_Task instructions:_ Go to the line with "view of front" in the records below, then output it and each following line exactly, up to and including the line with "Achterste drie rijen". Skip pictures and add nothing.

_Information shown:_
◆ ◆ ◆ ◆ ◆ ◆ ◆
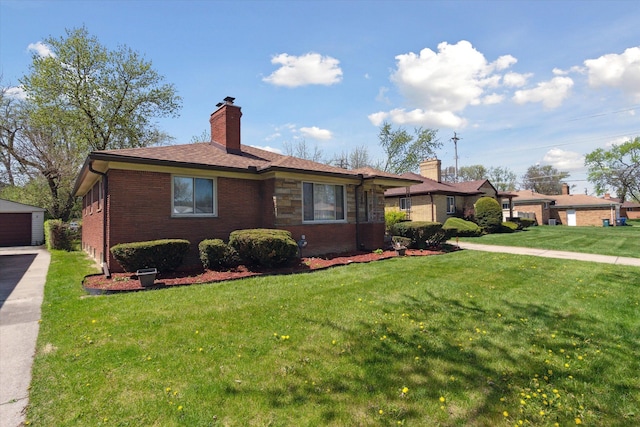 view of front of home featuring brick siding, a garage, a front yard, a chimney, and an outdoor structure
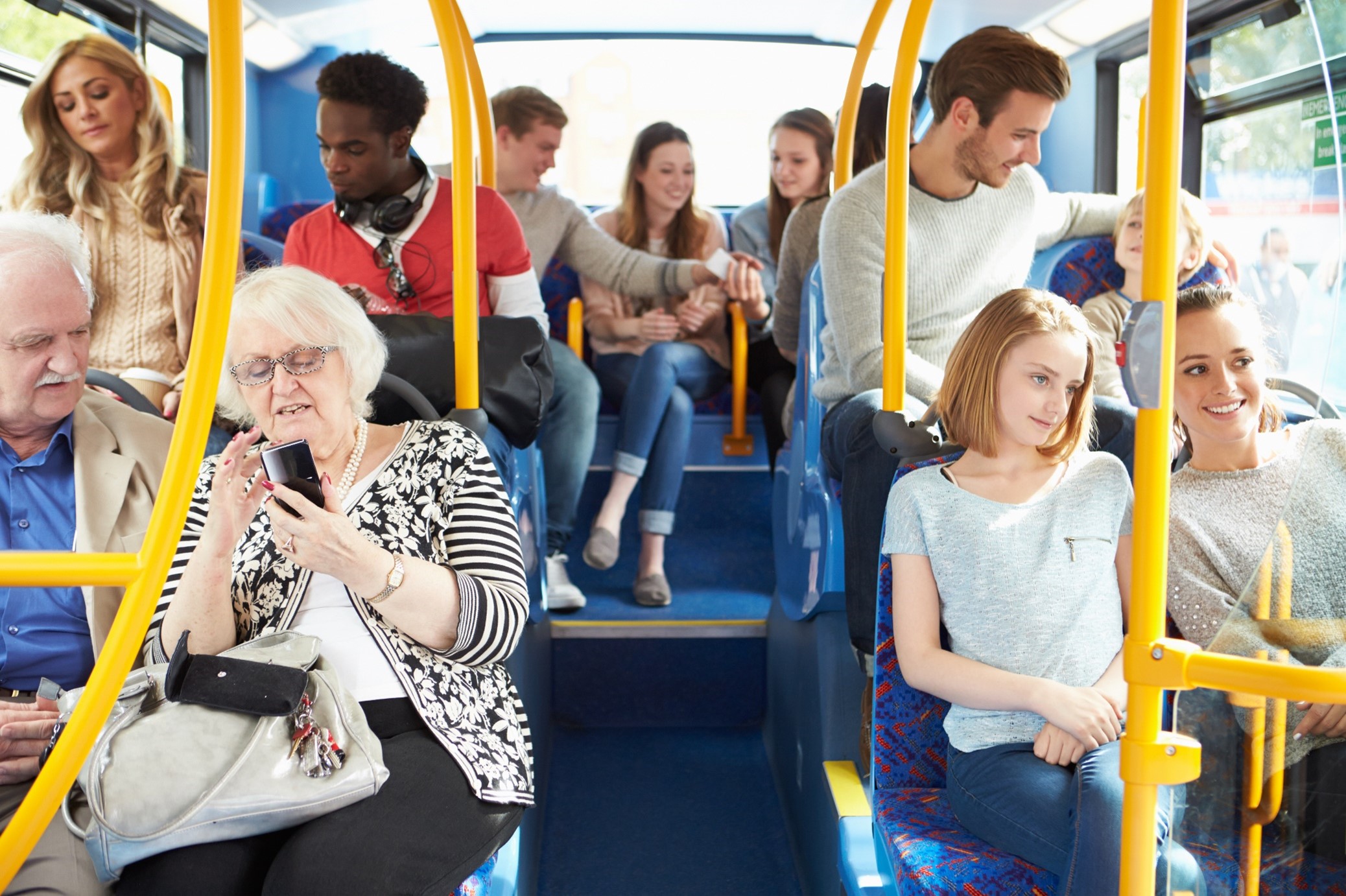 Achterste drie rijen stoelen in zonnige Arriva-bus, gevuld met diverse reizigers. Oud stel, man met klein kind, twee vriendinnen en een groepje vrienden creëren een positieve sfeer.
◆ ◆ ◆ ◆ ◆ ◆ ◆
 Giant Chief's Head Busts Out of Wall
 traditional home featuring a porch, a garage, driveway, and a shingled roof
◆ ◆ ◆ ◆ ◆ ◆ ◆
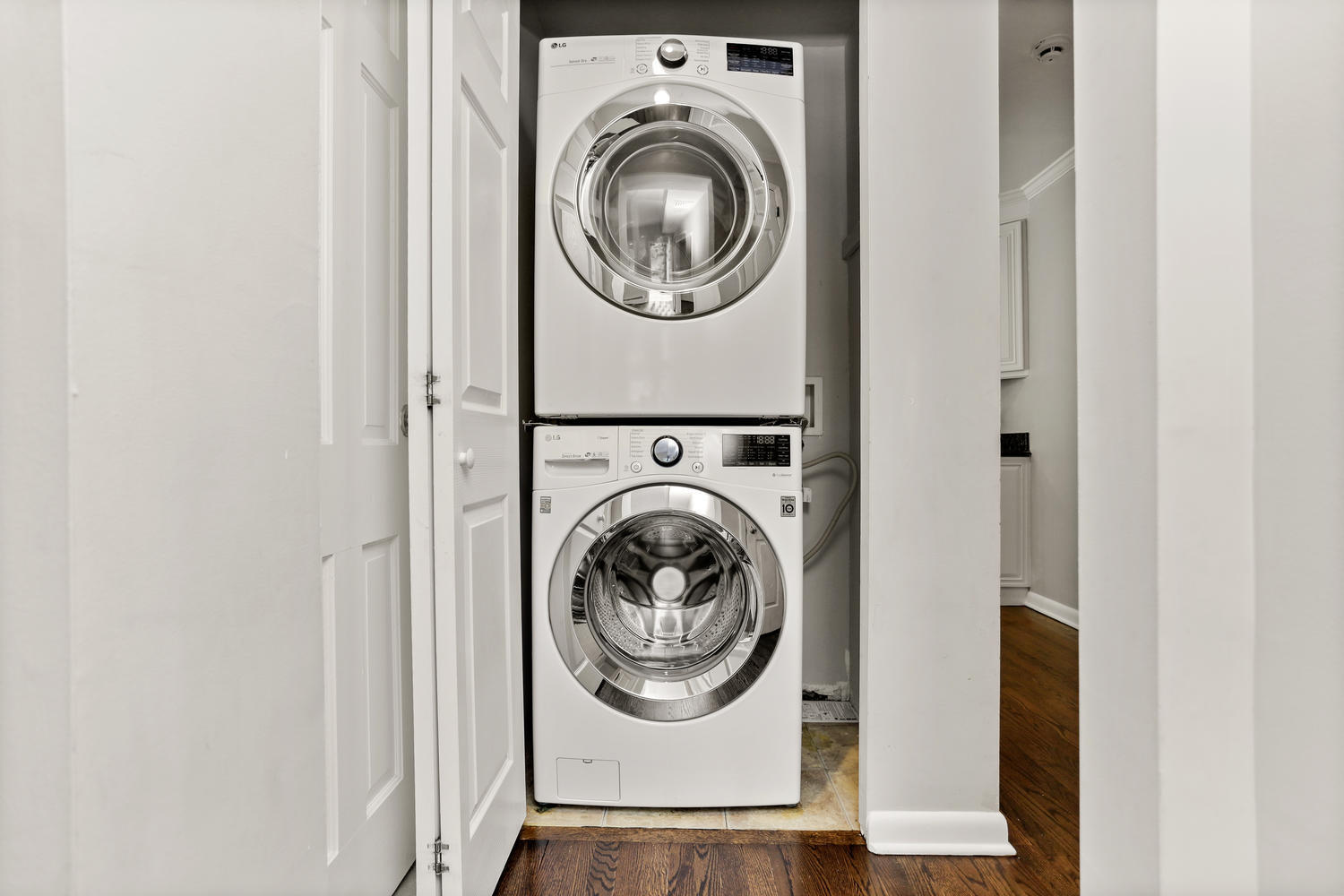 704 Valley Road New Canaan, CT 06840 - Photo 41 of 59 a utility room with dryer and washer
◆ ◆ ◆ ◆ ◆ ◆ ◆
_Solution for this task:_
 view of front of home featuring brick siding, a garage, a front yard, a chimney, and an outdoor structure
 Achterste drie rijen stoelen in zonnige Arriva-bus, gevuld met diverse reizigers. Oud stel, man met klein kind, twee vriendinnen en een groepje vrienden creëren een positieve sfeer.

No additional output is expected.